SCA has three hyperparameters. Results are generally robust to values of these hyperparameters (see preprint, including Extended Data Fig. 4). Here's what you can expect from changing each of the hyperparameters, and our general recommendations.

lam_sparse: determines how much to penalize non-sparse factors. While our default value generally works well, we have found that setting lam_sparse as high as possible, without sacrificing reconstruction error, generally led to slightly improved qualitative results (relative to the default). See our example notebook Example_sparsity_hyperparm.ipynb, for a demonstration of how to do this selection.
lam_orthog: determines how much non-orthogonal dimensions are penalized (higher values leads to greater orthogonality). We recommend using the default value, which was used for all datasets in our preprint. Additionally, we do have an option for using a strict orthogonality constraint rather than the penalty, but n general, allowing SCA dimensions to be orthogonal-ish (rather than requiring them to be strictly orthogonal) led to slightly cleaner (and faster) results.

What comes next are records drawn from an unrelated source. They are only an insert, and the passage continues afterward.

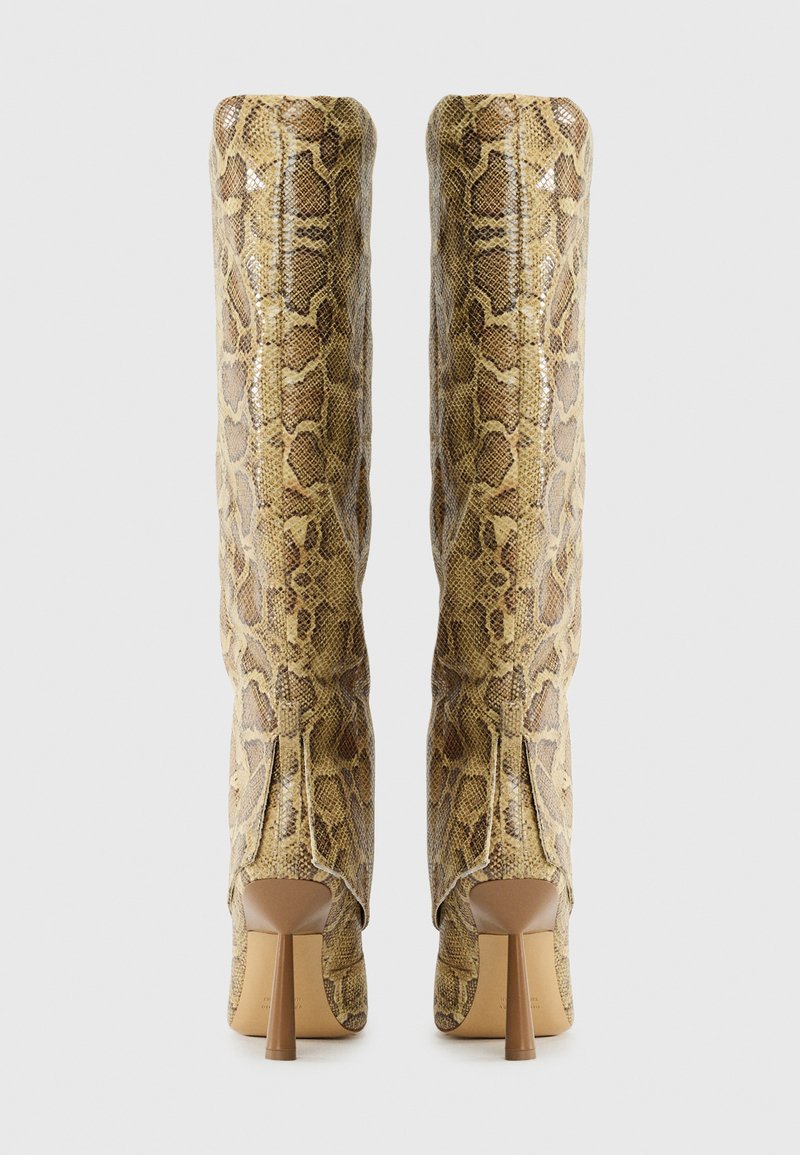 Knöchelhohe Stiefel in einem glänzenden, beige-braunen Schlangenledermuster, mit spitzem Zehenbereich und einem schlanken, hellbraunen Stiletto-Absatz.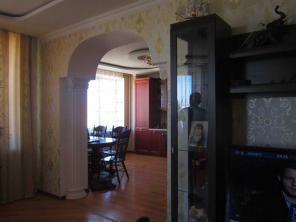 ��������, 2-� ��������� ��������, 100 �2, 8/8 �� ���� ����.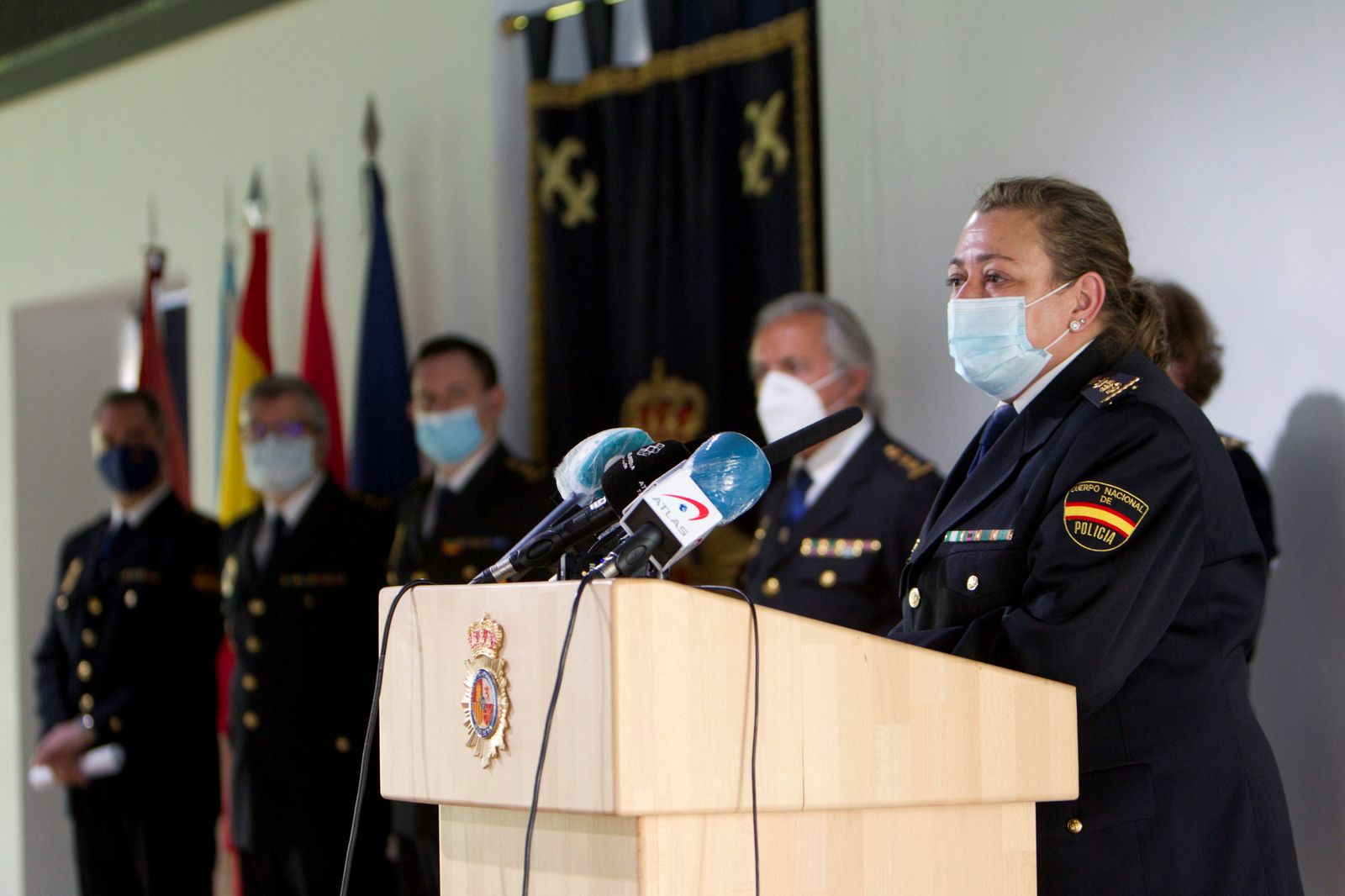 Policía cesada por decir que algunas querrían ser violadas por antidisturbios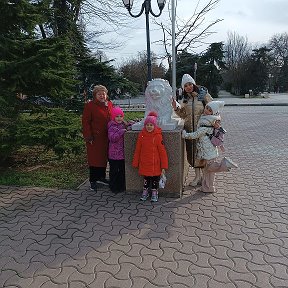 Фотография "с дочерью и внучками гуляем  по театральной площади"
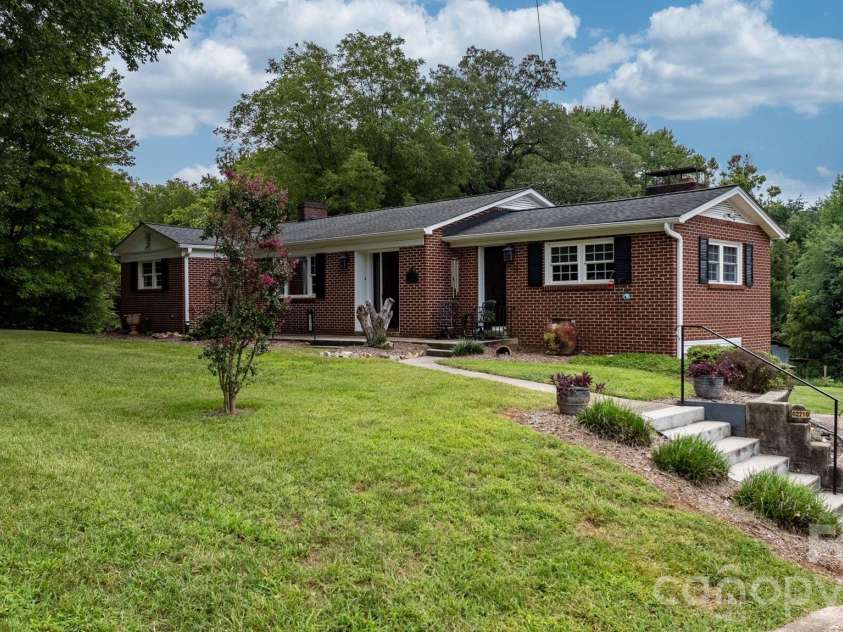 2210 19th Avenue, Hickory, NC 28602.  MLS# CAR4418000, YatesRealty ID 47384. 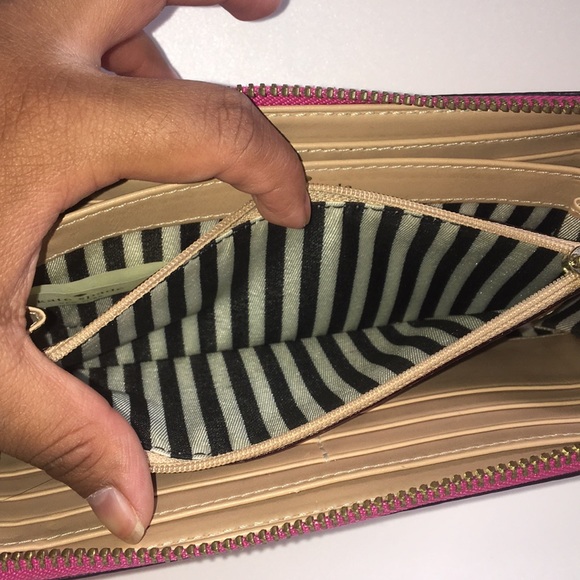 Kate Spade Wallet - Picture 7 of 8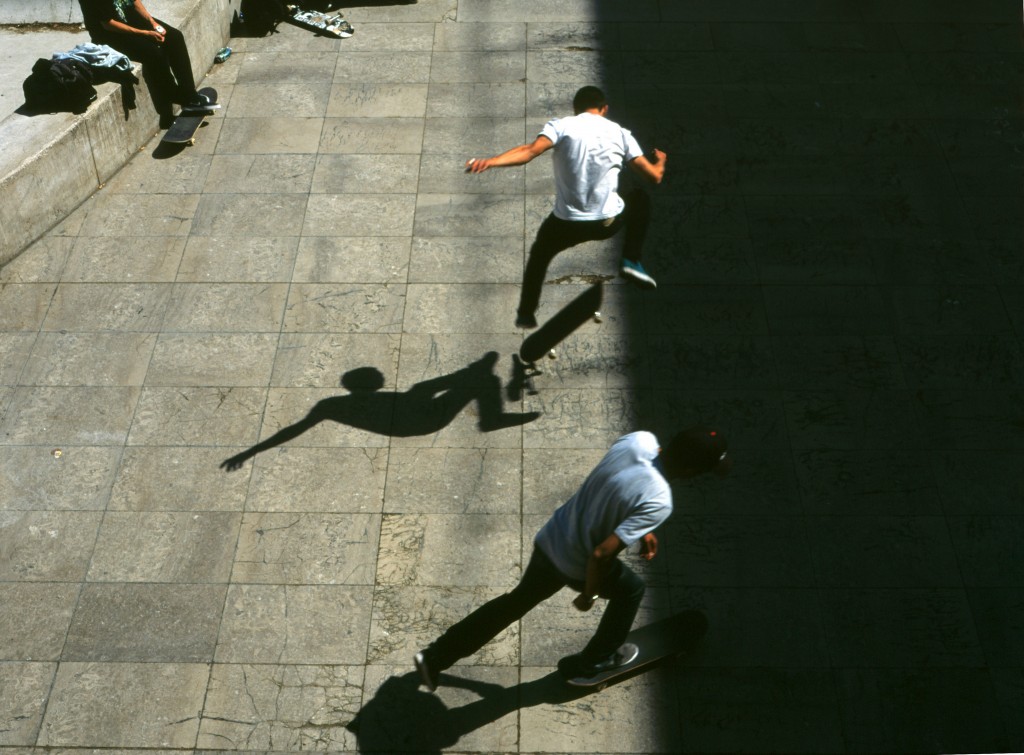 Skateboarders at the Palais de Tokyo │© Clément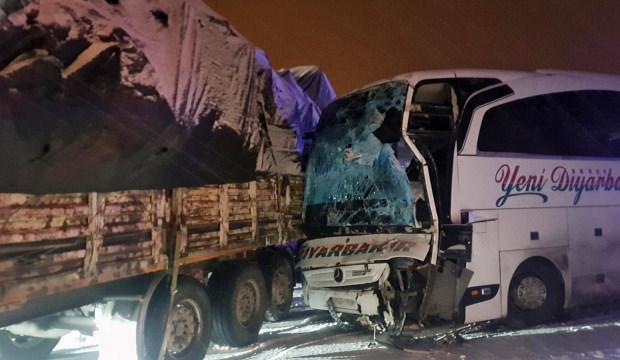 Bing&ouml;l'de yolcu otob&uuml;s&uuml; tıra &ccedil;arptı: 3 yaralı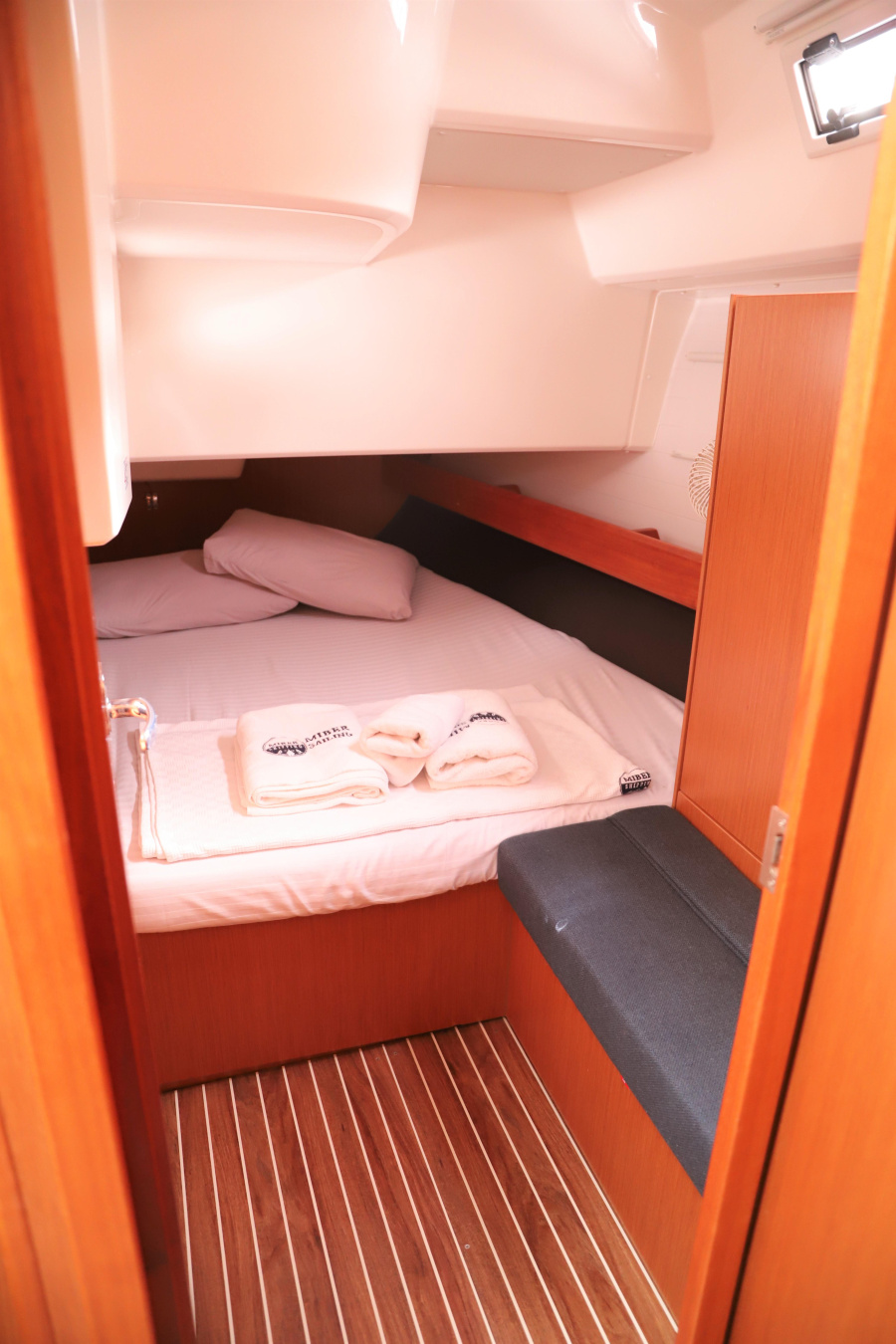 Photo #1 - Bavaria Cruiser 41 (Miber Rhea) en Ece Marina - 17236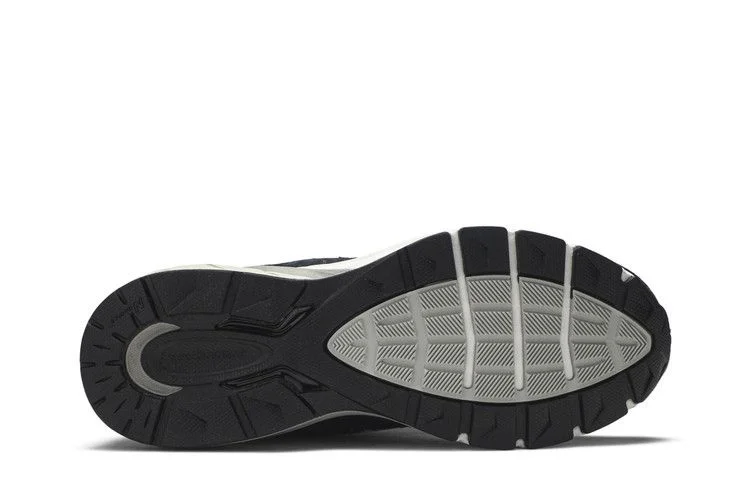 Krossovki-New-Balance-990v5-Made-In-USA-Navy-3
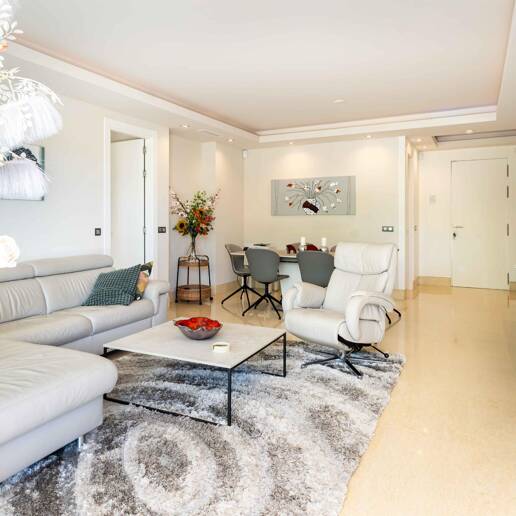 Markplanslägenhet till salu i Benahavis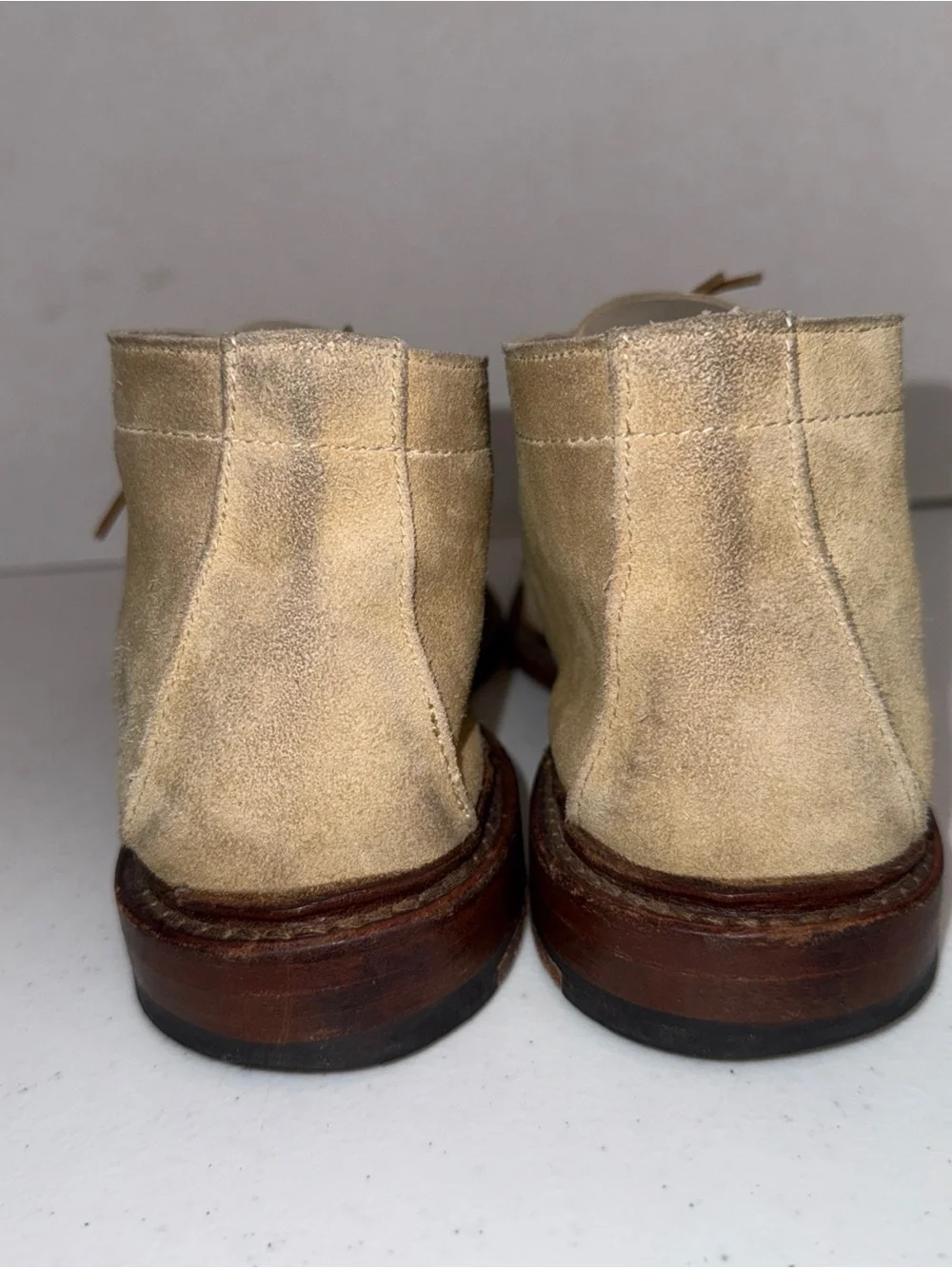 Allen Edmonds Men's 7M Suede Chukka Boots in Beige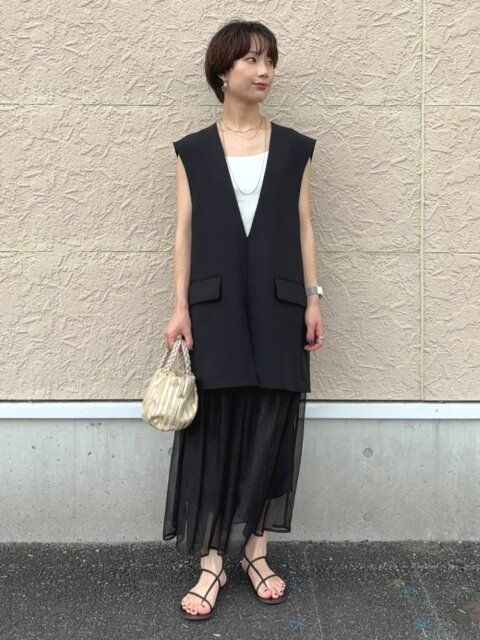 黒スカートのコーデ3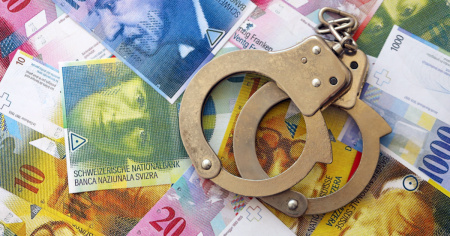 Finti bancari convincono un 85enne a prelevare tutti i risparmi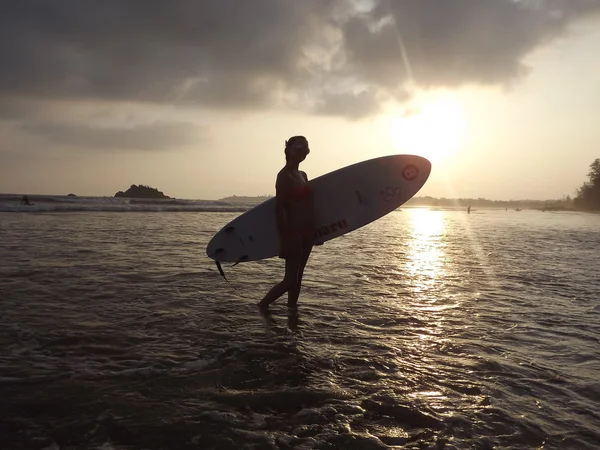 Femme surfant au camp de surf Goofy — Photo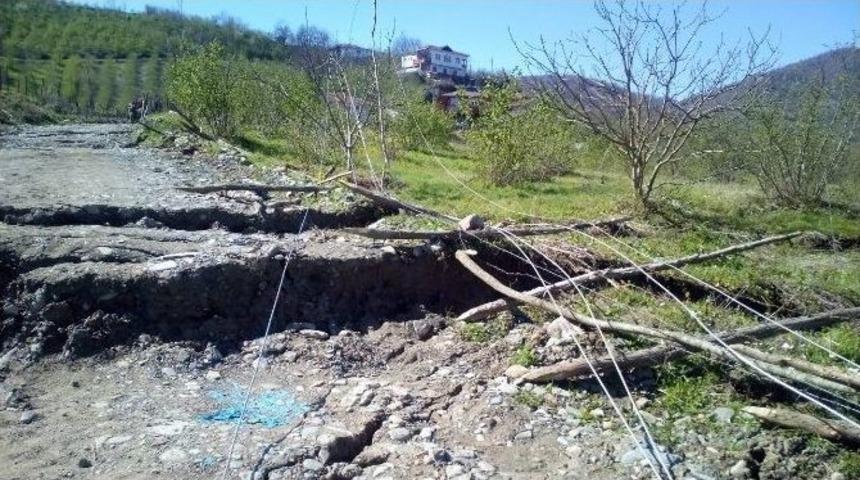 Yedaş&rsquo;ın Hattını &rsquo;toprak&rsquo; Yuttu, Ekipler 48 Saatte Yenisini Koydu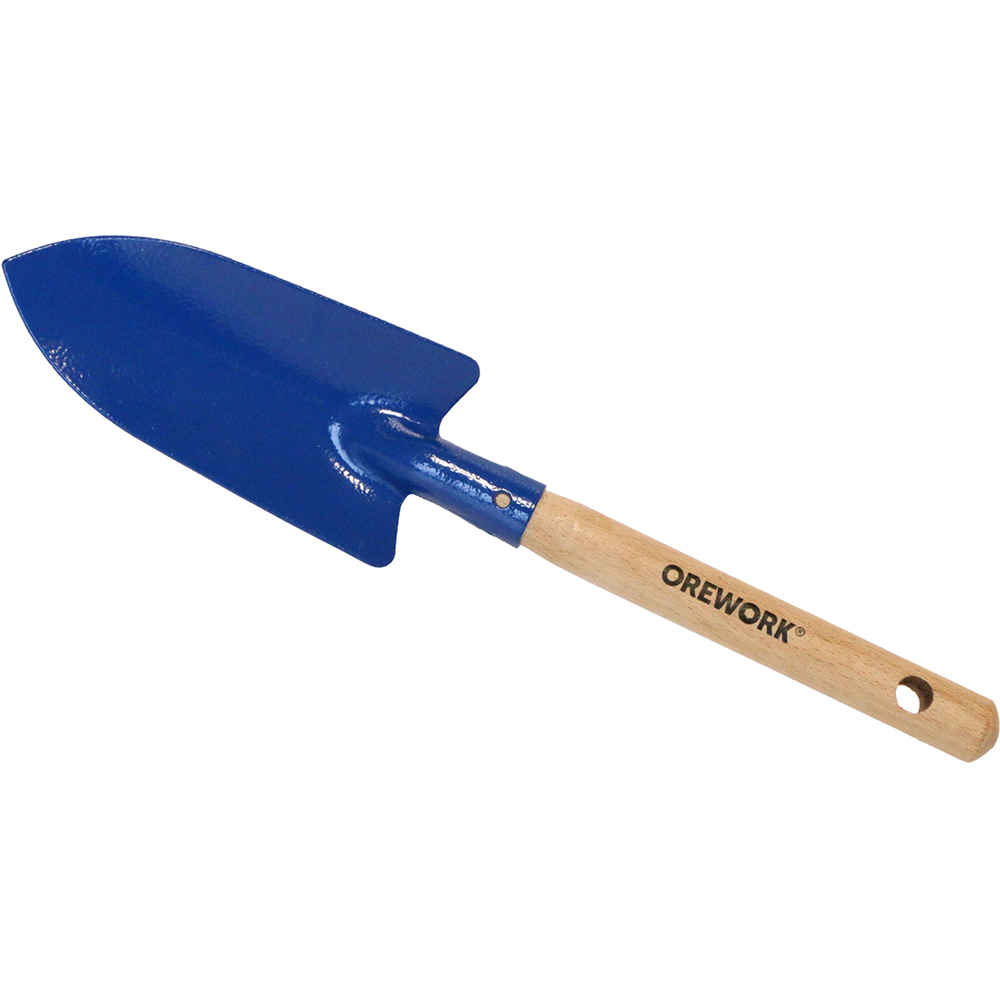 Pala con mango de madera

n_components: number of requested factors. SCA will not 'over-sparsify' data when increasing the number of requested factors. In other words, SCA will not produce two factors that have very similar loading vectors (this behavior is documented in the preprint, Extended Data Fig. 4). The orthogonality term in the cost function prevents this. That said, the neural activity relating to two different processes is not always completely aligned or completely unaligned. For example, the dimensions occupied by motor cortical activity during forwards cycling are sometimes partially aligned with those occupied during backwards cycling (see the preprint, Extended Data Fig. 14). In these cases, requesting 'too few' dimensions may cause SCA to find a factor that is active during both forwards and backwards cycling, while requesting more dimensions could yield two different factors, one related to each behavior. In general, it is useful to run SCA multiple times, requesting increasing numbers of factors. Doing so will give you a sense for which component processes use completely separate, partially overlapping, or largely overlapping dimensions.